Denn offenbar wurde die Rechnung ohne Menschenhand gemacht, welche die Technik noch immer steuert. „Es ist wahnsinnig schwer, das Bild im richtigen Moment anzuhalten“, sagt Ex-FIFA-Schiedsrichter Knut Kircher. In welcher Millisekunde verlässt der Ball beim Abspiel den Fuß? Das ist die so entscheidende wie komplexe Frage. Laut den DFB-Richtlinien zählt dabei der „Abspielimpuls“, also jener Moment, in dem der Ball am Fuß und auf dem Weg ist, diesen zu verlassen. Eine Frage von Millisekunden, die kognitive Höchstleistungen des Linienziehers am Monitor erfordert.

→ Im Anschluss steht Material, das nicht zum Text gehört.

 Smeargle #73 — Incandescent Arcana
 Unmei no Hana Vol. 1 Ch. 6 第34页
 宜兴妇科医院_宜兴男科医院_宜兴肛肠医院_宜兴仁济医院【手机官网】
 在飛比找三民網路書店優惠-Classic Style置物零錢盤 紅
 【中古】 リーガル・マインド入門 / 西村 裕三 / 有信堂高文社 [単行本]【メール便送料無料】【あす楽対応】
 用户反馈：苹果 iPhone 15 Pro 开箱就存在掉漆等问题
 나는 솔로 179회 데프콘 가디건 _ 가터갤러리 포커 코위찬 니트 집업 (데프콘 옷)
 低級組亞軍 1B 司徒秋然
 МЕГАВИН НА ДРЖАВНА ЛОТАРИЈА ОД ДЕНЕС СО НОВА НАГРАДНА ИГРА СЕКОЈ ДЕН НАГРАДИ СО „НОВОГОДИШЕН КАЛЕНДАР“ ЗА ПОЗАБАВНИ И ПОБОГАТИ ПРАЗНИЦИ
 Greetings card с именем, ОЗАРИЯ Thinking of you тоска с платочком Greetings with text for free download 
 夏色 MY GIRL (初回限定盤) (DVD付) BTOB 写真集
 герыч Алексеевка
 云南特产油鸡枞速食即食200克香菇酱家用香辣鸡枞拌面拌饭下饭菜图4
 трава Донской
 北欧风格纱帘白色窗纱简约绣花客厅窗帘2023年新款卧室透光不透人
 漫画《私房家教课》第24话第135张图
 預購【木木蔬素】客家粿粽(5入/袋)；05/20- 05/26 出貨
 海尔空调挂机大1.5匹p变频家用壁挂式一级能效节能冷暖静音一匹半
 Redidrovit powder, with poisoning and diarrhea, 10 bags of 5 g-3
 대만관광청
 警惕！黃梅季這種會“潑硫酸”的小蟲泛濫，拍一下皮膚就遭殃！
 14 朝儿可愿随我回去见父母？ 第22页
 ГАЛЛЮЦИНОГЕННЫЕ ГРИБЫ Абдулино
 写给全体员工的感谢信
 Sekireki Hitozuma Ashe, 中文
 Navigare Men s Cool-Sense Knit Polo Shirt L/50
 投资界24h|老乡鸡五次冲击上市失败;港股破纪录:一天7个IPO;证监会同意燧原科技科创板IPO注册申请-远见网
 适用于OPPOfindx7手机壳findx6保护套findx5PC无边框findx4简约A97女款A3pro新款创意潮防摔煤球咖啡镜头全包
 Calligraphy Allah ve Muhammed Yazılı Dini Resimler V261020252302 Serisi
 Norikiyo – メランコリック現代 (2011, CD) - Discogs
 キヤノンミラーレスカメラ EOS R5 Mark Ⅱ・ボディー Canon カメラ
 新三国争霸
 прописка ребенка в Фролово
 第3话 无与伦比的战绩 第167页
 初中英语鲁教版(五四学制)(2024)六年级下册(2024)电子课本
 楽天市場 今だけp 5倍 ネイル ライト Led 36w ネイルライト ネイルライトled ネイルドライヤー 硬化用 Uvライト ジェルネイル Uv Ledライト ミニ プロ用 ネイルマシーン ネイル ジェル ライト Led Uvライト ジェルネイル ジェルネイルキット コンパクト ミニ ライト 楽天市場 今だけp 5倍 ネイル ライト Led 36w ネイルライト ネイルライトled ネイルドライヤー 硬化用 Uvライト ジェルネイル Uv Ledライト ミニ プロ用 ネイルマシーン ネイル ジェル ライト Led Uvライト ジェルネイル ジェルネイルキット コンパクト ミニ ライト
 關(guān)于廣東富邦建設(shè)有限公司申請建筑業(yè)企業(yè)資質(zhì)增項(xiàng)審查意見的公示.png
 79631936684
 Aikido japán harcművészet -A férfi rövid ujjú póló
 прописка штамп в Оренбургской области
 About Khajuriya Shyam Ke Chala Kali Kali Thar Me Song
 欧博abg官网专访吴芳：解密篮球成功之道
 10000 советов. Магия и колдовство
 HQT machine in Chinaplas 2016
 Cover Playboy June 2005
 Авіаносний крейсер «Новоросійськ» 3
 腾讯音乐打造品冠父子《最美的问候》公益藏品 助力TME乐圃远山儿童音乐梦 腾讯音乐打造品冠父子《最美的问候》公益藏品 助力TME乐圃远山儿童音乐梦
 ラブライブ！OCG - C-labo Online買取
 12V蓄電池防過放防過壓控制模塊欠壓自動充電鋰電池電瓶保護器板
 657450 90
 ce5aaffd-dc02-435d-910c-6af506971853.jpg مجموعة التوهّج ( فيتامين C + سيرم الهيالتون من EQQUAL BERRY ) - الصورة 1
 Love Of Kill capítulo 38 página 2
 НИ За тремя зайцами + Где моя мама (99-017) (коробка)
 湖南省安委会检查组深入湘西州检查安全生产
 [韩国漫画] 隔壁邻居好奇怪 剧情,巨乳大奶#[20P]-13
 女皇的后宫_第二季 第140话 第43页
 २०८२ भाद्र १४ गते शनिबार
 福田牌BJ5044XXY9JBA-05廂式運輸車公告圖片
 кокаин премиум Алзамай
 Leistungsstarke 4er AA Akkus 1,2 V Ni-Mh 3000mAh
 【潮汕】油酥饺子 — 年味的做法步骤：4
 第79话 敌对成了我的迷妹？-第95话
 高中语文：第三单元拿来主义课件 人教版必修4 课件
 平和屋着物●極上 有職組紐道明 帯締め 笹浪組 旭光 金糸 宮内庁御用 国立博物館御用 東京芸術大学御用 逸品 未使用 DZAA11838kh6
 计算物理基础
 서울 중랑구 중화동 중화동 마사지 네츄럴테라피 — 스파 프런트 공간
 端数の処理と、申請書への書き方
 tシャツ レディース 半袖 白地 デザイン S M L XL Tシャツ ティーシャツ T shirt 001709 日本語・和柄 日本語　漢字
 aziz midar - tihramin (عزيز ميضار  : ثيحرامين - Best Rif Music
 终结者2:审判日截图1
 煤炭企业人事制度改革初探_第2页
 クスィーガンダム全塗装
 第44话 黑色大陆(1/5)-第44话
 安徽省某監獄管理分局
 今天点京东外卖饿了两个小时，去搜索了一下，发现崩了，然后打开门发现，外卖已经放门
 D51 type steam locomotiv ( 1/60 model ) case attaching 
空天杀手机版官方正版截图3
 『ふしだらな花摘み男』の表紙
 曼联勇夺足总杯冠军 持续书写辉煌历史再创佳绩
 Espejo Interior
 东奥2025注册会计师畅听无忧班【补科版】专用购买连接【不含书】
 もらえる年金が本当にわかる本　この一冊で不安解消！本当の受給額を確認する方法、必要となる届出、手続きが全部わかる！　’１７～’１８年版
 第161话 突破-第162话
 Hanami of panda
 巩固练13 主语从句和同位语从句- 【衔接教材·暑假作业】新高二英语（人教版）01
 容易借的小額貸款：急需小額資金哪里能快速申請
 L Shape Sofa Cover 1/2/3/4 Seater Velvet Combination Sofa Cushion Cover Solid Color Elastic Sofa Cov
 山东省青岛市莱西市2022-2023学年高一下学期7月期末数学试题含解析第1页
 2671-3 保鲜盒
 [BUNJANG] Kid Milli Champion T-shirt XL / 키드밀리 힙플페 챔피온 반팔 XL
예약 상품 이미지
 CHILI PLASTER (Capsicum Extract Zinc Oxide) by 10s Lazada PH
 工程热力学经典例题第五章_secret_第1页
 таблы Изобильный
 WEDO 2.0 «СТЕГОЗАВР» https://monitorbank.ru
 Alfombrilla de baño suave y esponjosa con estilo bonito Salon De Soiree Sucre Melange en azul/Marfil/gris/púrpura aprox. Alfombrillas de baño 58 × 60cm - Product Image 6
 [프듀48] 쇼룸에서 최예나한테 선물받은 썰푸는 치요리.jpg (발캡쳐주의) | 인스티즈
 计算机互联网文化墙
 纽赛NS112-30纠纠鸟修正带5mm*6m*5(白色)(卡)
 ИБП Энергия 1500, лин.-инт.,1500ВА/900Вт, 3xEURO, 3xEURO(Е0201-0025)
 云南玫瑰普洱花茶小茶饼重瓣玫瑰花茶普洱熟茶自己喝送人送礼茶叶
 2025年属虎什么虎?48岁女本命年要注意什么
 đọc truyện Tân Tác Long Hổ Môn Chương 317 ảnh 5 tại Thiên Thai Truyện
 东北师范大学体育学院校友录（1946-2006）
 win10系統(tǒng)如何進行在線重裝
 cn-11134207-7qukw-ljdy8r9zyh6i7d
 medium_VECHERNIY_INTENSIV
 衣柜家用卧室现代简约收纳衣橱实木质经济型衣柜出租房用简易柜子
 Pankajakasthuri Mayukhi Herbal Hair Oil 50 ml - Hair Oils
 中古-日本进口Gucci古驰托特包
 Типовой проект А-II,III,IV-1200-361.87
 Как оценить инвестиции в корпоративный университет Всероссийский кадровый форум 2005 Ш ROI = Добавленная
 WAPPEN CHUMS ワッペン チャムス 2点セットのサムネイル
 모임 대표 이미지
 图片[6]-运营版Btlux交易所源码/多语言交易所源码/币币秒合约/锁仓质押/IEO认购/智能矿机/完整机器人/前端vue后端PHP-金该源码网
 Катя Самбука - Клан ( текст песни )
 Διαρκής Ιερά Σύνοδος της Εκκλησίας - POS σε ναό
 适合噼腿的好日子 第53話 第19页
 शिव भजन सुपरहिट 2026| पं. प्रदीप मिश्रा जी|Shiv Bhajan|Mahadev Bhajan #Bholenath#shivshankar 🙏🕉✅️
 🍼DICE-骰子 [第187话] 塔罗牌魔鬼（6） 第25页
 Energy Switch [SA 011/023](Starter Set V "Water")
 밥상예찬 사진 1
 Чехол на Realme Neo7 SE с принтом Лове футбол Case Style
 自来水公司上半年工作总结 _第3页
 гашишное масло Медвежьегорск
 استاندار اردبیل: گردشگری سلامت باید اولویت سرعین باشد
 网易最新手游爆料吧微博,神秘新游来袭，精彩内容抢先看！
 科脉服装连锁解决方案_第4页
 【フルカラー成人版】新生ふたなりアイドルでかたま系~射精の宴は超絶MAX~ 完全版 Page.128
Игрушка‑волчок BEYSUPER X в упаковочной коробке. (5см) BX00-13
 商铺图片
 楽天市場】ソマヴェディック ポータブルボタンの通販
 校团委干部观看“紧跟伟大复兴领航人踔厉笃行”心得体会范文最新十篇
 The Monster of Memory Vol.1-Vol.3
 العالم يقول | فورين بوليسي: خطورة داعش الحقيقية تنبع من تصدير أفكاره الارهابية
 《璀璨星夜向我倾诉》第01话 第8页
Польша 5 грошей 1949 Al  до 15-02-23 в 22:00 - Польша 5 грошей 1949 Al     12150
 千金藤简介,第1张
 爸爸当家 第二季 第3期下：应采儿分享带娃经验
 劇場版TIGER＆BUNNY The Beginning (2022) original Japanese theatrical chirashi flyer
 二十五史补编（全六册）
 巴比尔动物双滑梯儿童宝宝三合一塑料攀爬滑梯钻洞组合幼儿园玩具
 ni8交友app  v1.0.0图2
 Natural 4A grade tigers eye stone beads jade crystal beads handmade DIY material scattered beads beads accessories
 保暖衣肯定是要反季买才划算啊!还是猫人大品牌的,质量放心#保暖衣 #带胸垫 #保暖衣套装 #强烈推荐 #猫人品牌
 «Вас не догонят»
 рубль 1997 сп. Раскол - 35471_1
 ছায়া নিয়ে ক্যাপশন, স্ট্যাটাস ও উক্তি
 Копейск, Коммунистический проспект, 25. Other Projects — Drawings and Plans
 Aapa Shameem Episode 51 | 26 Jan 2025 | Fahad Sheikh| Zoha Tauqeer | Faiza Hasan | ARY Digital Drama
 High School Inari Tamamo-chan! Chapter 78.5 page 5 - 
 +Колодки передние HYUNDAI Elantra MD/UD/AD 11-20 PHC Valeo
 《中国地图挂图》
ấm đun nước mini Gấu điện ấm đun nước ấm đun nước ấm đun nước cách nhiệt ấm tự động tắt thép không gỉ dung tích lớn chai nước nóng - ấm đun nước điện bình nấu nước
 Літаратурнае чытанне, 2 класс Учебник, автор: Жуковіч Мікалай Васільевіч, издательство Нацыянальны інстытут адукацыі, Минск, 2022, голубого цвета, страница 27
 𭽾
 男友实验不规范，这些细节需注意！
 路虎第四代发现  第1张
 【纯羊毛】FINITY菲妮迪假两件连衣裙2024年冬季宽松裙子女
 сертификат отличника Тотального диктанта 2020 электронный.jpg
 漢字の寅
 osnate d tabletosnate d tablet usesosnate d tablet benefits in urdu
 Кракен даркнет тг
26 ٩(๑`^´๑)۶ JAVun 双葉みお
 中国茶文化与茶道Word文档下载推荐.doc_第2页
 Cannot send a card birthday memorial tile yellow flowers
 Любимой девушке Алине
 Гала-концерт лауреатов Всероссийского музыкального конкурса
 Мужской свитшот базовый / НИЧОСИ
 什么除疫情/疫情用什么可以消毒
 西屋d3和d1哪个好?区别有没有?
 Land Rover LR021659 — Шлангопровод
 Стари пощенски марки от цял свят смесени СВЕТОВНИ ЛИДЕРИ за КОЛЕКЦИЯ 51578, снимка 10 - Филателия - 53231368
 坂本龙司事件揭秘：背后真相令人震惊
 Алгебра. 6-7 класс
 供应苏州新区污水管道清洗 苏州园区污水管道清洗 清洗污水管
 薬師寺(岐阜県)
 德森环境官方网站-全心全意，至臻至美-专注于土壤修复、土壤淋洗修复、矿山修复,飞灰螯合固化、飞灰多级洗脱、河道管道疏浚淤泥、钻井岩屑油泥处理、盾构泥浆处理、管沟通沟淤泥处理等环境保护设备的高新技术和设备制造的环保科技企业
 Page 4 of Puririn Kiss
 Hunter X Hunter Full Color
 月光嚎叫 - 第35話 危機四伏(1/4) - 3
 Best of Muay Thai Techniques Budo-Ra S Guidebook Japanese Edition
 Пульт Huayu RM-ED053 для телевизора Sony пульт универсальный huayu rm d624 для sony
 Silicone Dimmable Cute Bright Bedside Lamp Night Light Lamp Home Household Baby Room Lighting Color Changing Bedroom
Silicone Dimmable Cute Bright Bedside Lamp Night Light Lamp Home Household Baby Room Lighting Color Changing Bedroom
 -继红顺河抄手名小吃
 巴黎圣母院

Hochgeschwindigkeitskameras

Trotz diverser Hochgeschwindigkeitskameras des Anbieters Hawk Eye, die mit mehreren hundert Bildern pro Sekunde genaue Positionsdaten von angreifender und verteidigender Mannschaft liefern, kommt noch eine zweite Komponente ins Spiel: Die des betreffenden Körperteils, welches die rote Linie überschritten und im Moment der Ballabgabe näher am Tor ist als der Gegner. Als Regel gilt: Gemessen wird das am weitesten nach vorn reichende Körperteil. Mit Ausnahme der Arme natürlich, damit darf man schließlich kein Tor erzielen. Alles klar?

„Mit reinem Augenmaß würde man sagen: Gleiche Höhe, danke, erledigt. Und jeder Fan und Spieler würde es wohl auch so akzeptieren“, sagt Kircher. Doch reines Augenmaß, das war einmal. Genauso wie die alte Fußballer-Weisheit, wonach der Schiedsrichter immer recht hat. Jetzt hat die kalibrierte Linie immer recht.

„Der VAR wurde von allen Mannschaften der ersten und zweiten Liga abgesegnet“, ruft der frühere Schiedsrichter aus Rottenburg die Entstehungsgeschichte noch einmal in Erinnerung. „Dass es mittlerweile einen Videobeweis gibt“, sagt VfB-Coach Walter , „müssen wir so akzeptieren.“

DFB-Projektleiter Drees hat zu Beginn des Jahres selbst auf mögliche Fehler beim Anlegen der Linien hingewiesen. „Dass ein ungenaue Handhabung der Linien bei Athleten im Vollsprint zu verfälschten Ergebnissen führen kann, ist uns bewusst und wird jedem Video-Assistenten beim Training in Erinnerung gerufen“, sagte er damals. Doch die angekündigte „wöchentliche Schulung“ ist offenbar zwecklos. Weil auch der VAR nur Wahrscheinlichkeiten, aber nie hundertprozentige Genauigkeit liefern kann.

Was wohl Mario Gomez dazu sagt? Noch ist nicht bekannt, ob er der Einladung in den Kölner Keller folgt.